• **YOUR INSTRUCTIONS**:
Output exactly the lines of the listing below that run from the line with "portada Die Krankheiten" through the line with "The 5 events that shaped the 21st century". No pictures.

:: GIVEN RECORDS

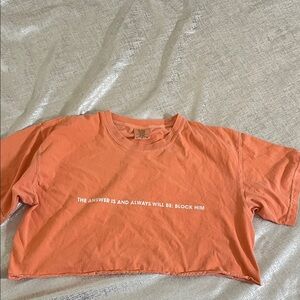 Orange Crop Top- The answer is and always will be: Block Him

::::
:: GIVEN RECORDS

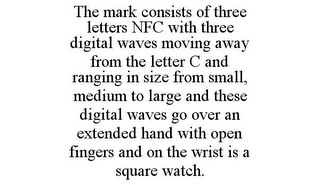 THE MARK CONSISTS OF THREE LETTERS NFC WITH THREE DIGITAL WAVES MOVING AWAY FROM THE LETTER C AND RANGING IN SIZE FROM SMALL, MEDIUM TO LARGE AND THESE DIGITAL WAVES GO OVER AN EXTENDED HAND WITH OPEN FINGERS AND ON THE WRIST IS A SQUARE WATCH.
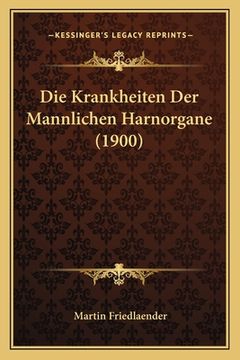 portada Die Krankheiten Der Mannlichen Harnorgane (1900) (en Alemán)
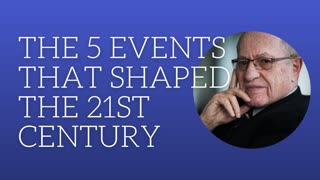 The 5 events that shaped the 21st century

::::

• **SOLUTION TO THIS TASK**:
 portada Die Krankheiten Der Mannlichen Harnorgane (1900) (en Alemán)
 The 5 events that shaped the 21st century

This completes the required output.